What, then, should South Africa do? The current goal of 11 equal languages will likely remain unachievable, but targeting development efforts towards the roles that African languages usefully could and should play - as means of education through to the tertiary level, and mediums of political participation and communication – substantial progress towards empowering South Africans could be made. The federal structure of the country suggests one possible approach – much responsibility for language development could be devolved to the provincial levels, with appropriate accountability mechanisms in place. Most provinces have one dominant African language on which they could focus, making the task of language development far more manageable. Ethnic identities are more salient at the local level, and need not be connected to a political party to have the potential to influence policy making. While this might be an improvement, not all provinces would be likely to do equally well, larger languages would almost certainly receive preferential development, and ethnic identities might be fueled to the point where they would become destabilizing.

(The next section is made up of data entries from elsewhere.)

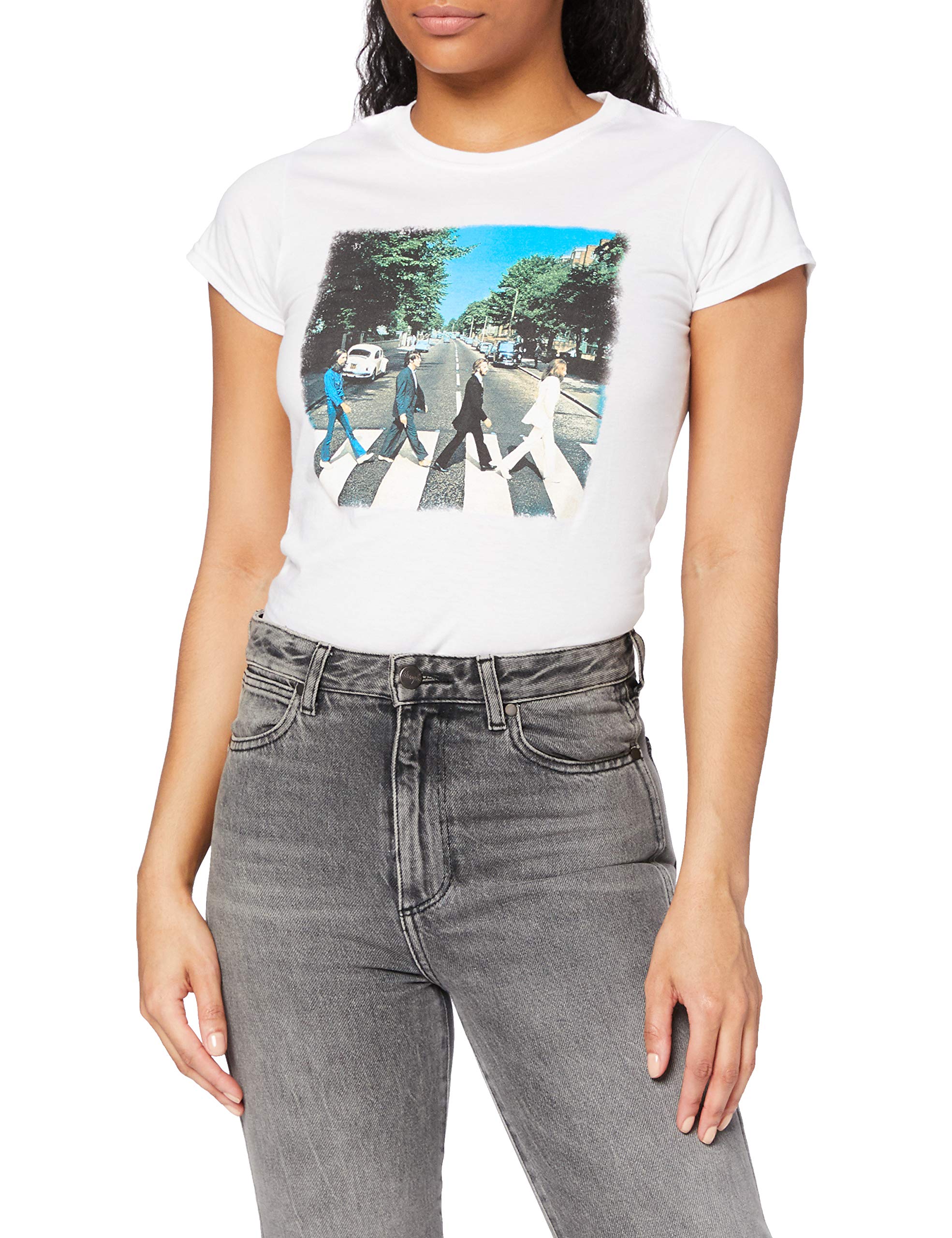 Rockoff Trade Women's Abbey Road Vintage Print T-Shirt M White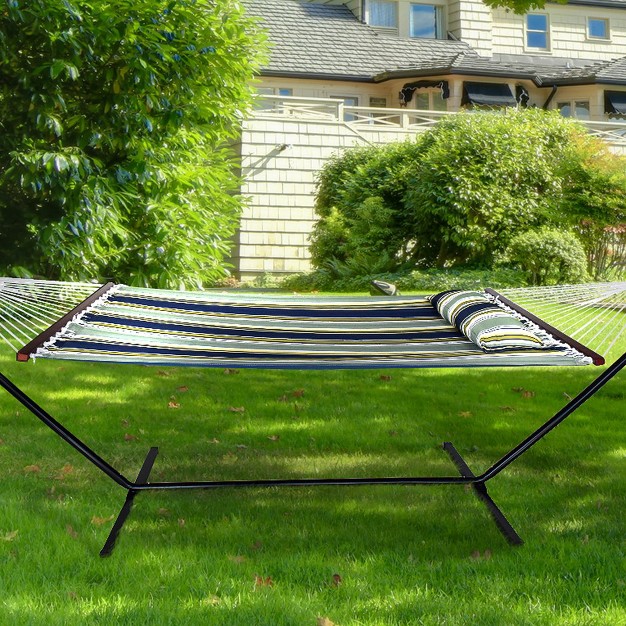 Sorbus Double Hammock With Stand Quilted Fabric Blue Aqua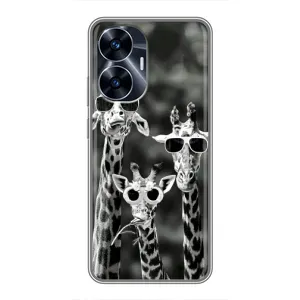 Силіконовий чохол з КАРТИНКАМИ літо для Realme C55 (AlphaPrint) (Жирафи в окулярах)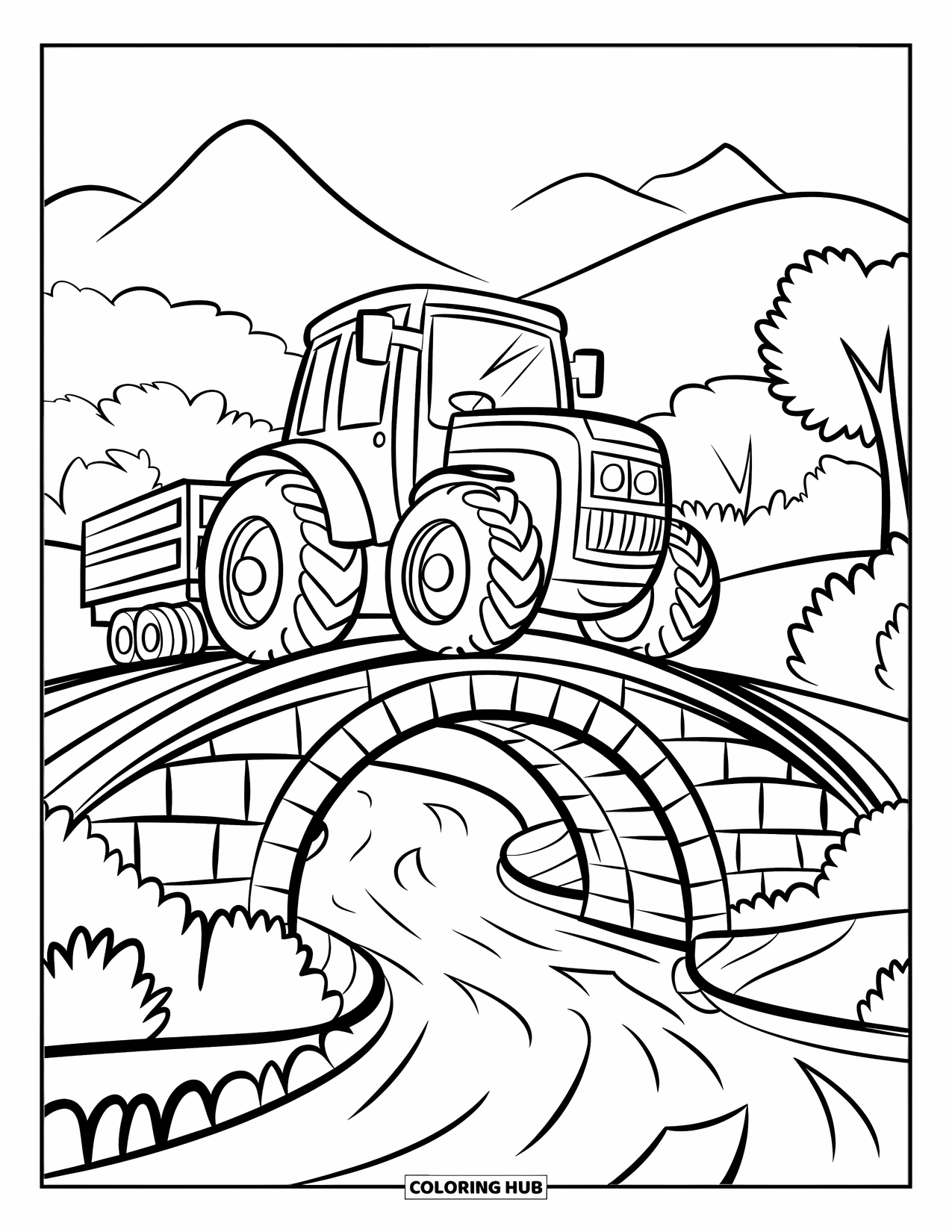 Dibujo de tractor para colorear para niños: Un tractor tira de un remolque sobre un puente de piedra con montañas y árboles alrededor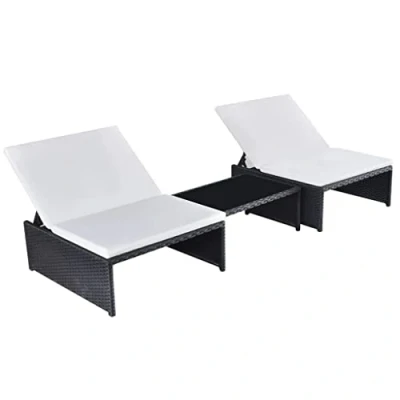 Abbildung von vidaXL 2X Sonnenliege mit Tisch Gartenliege Gartenmöbel Liege Relaxliege Strandliege Freizeitliege Liegestuhl Rattanmöbel Poly Rattan Schwarz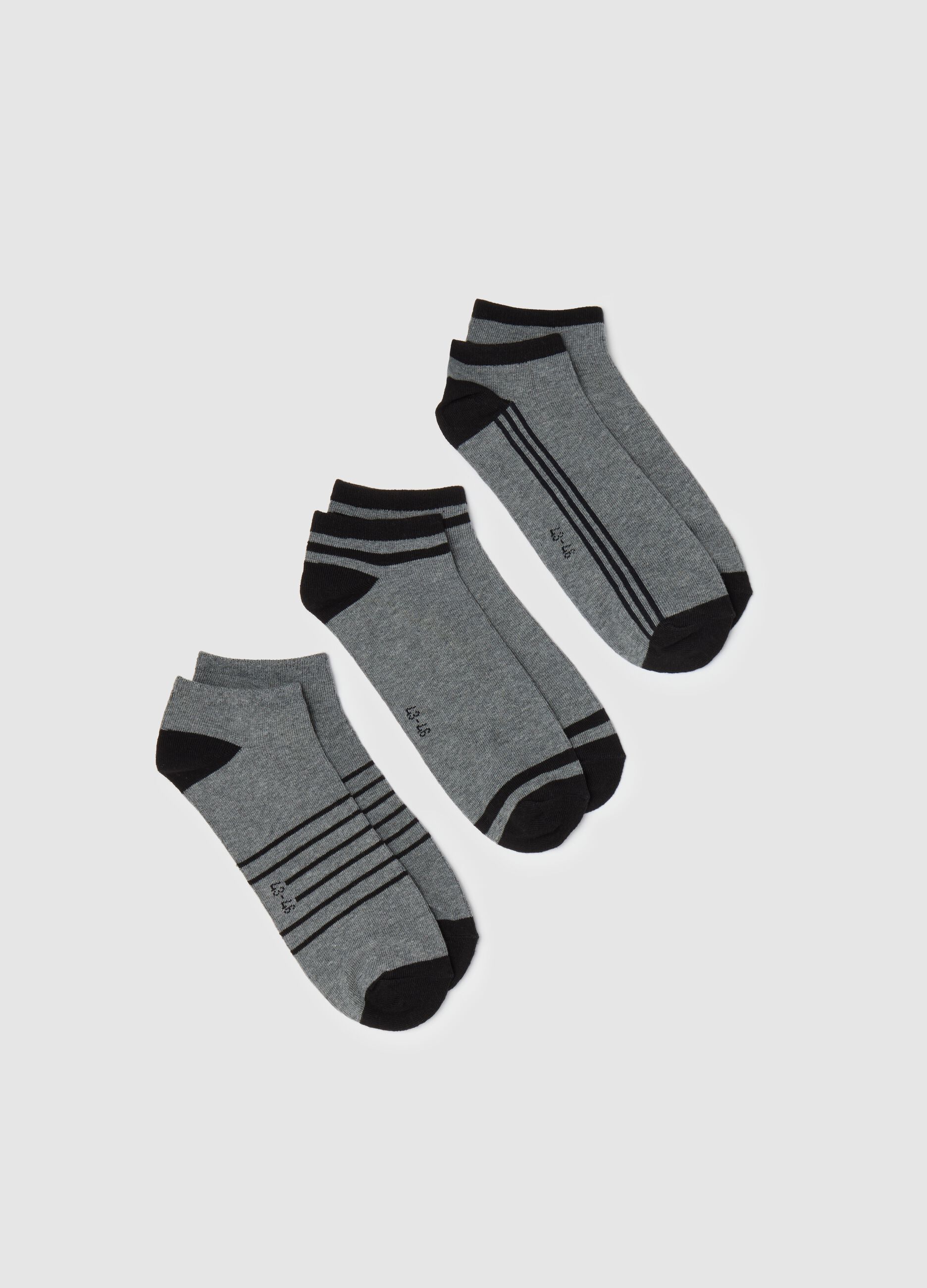 Three-pair pack grey sports socks with striped details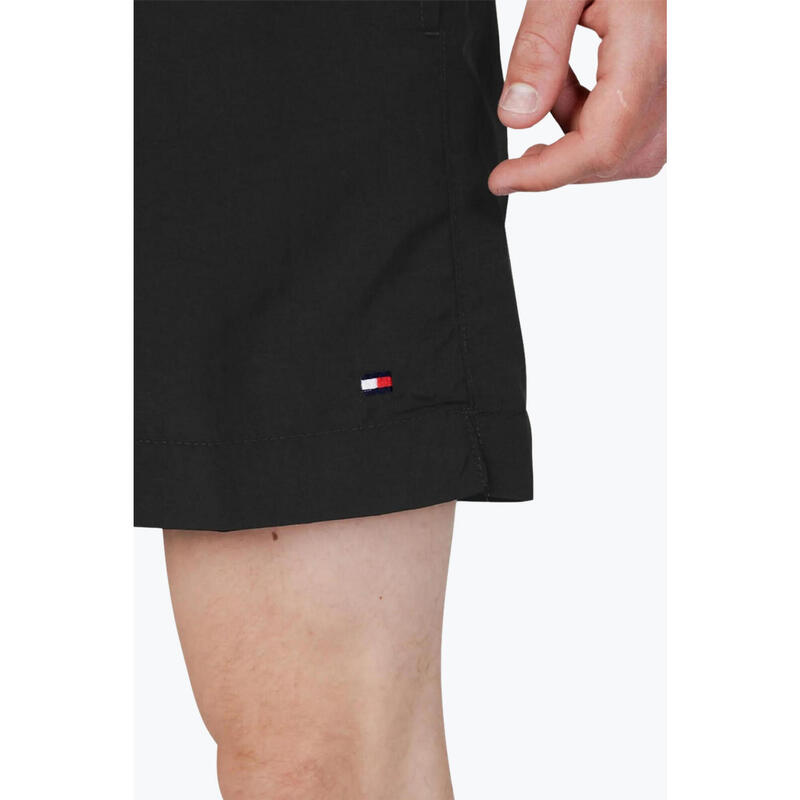 Pantaloni scurti barbati pentru inot cu logo brodat si croiala Regular fit negru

Without some political commitment on the national level, progress through this mechanism would remain unlikely.
However, the story of Afrikaans highlights not just the importance of a committed state, but also the importance of cultural bodies and universities in language development. If cultural and ethnic groups were to focus more energy on language development, this could provide a substantial boost to these languages. And until African languages become an important part of tertiary education, these languages are likely to remain invisible and unusable in government and in business. Terminology development and linguistic legitimacy are inextricably linked to the possibility of tertiary education in a language. Even if English remains the national lingua franca, as is likely, ensuring that African languages can be used in government, even if only at the local level, and that education and political participation are available to all South Africans remains an important goal, and one in which cultural and educational organizations may be able to play a uniquely powerful role.